TASK STATEMENT:
An exact restatement of the entire listing is needed, excluding all images.

SOURCE DATA:
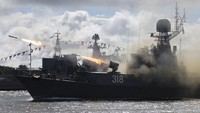 Sebuah kapal perang meluncurkan roket anti-kapal selam selama latihan untuk parade Angkatan Laut di Baltiysk, pangkalan Angkatan Laut di eksklave Laut Baltik Rusia.
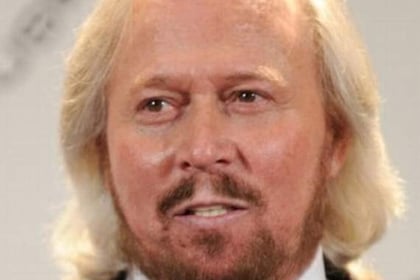 Honour for Manx-born Bee Gee Barry Gibb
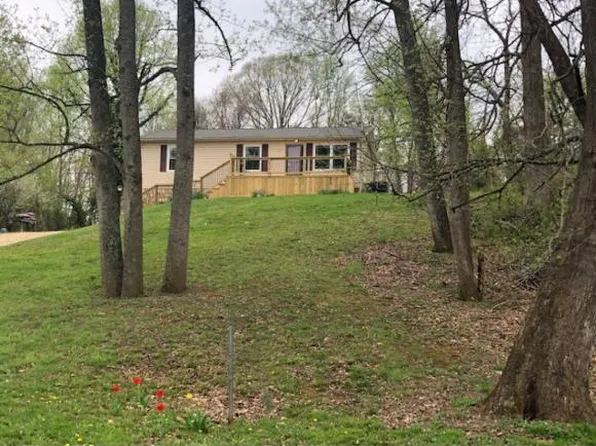 111 Woodland Cir, Jonesborough, TN 37659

RESULT OF THE EXERCISE:
 Sebuah kapal perang meluncurkan roket anti-kapal selam selama latihan untuk parade Angkatan Laut di Baltiysk, pangkalan Angkatan Laut di eksklave Laut Baltik Rusia.
 Honour for Manx-born Bee Gee Barry Gibb
 111 Woodland Cir, Jonesborough, TN 37659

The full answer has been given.